Hahn: Ungarn droht Kürzung der EU-Mittel
Brüsseler EU-Behörde kündigt an, Rechtsstaatsmechanismus gegen Ungarn einzuleiten. Polen verliert Geld wegen missachteter Urteile.
Von Gabriele Starck
Brüssel, Budapest, Warschau – Ungarn hat gewählt, die Schwierigkeiten mit der obersten EU-Behörde in Brüssel allerdings sind unabhängig vom Wahlausgang nicht gelöst – im Gegenteil. Nachdem der Europäische Gerichtshof im Februar die Klagen von Ungarn und Polen gegen den Rechtsstaatsmechanismus zurückgewiesen hat, kann die EU-Kommission gegen Mitgliedsstaaten das Verfahren einleiten, das am Ende die Kürzung von Förderungen bedeuten könnte. Voraussetzung dafür ist, dass ein Land EU-Geld mit hoher Wahrscheinlichkeit dafür missbraucht, gegen rechtsstaatliche Prinzipien zu verstoßen.
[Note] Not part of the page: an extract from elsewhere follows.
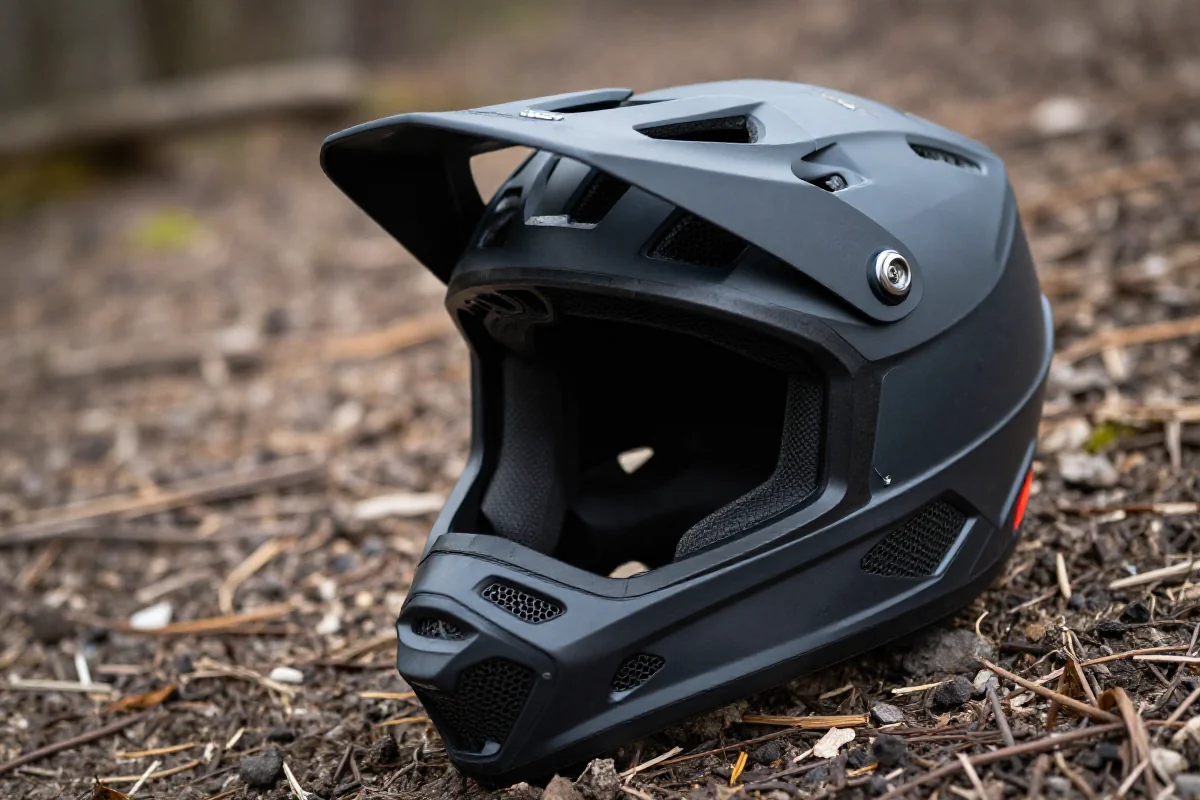 Kask fullface do downhill MTB z widocznymi detalami ochrony i wentylacji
Das Europaparlament drängt seit Langem, den Mechanismus bei Polen und Ungarn endlich anzuwenden, hat die Kommission sogar deshalb geklagt. Geschehen ist bislang nichts.
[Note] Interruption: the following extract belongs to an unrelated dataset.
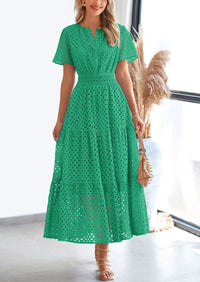 Short Sleeve V Neck Hollow Out Eyelet A Line Long Beach Maxi Dress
Im TT-Gespräch kündigte der zuständige Haushalts-Kommissar Johannes Hahn nun an, bei Ungarn tätig zu werden und den Mechanismus in Gang zu setzen – wegen des Verdachts der Korruption und Problemen mit öffentlichen Auftragsvergaben, wie er sagt.
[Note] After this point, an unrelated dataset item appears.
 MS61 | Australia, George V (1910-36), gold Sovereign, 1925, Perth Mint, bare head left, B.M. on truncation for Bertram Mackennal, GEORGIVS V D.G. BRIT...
Bei Polen sieht Hahn momentan keine Anwendungsmöglichkeit, weil es sich dort um Probleme innerhalb des Justizsystems handle.
Vermutungen, wonach die tatkräftige polnische Unterstützung für die ukrainischen Flüchtlinge bei der EU-Kommission eine Beißhemmung auslösen könnte, weist Hahn mit Nachdruck zurück. Das seien zwei verschiedene Sachen, das betone auch Kommissionspräsidentin Ursula von der Leyen immer wieder, sagt Hahn: „Die Leistung insbesondere Polens bei der Aufnahme ukrainischer Flüchtlinge ist ohne Abstriche anzuerkennen, aber dass kann nicht heißen, dass es rechtsstaatlich einen Freibrief erhält.“
Polen erhält aber ohnehin nicht die volle Höhe der ihm zugestandenen Mittel aus dem EU-Haushalt, weil es Urteile des Europäischen Gerichtshofs nicht umgesetzt hat. Konkret hätte Polen laut Urteil einen Braunkohleabbau an der Grenze zu Tschechien schließen müssen, tat es aber nicht. Die deshalb fällig gewordenen Strafen (500.000 Euro täglich) beglich Polen nicht, die so angelaufenen Schulden werden von den polnischen EU-Mitteln abgezogen. Zwar hat sich Warschau inzwischen mit Prag geeinigt, die bis dahin angefallenen Strafen müssten dennoch beglichen werden, so Hahn.
Im Oktober verhängte der EuGH zudem eine Strafzahlung von einer Million Euro pro Tag, weil sich Polen weigerte, die umstrittene Disziplinarkammer zur Bestrafung von Richtern aufzulösen.
Weiterhin blockiert sind von der EU-Kommission auch die Mittel aus dem Corona-Wiederaufbaufonds „Next Generation EU“ für Polen und Ungarn – ebenfalls wegen Zweifeln an der rechtsstaatlichen Verwendung.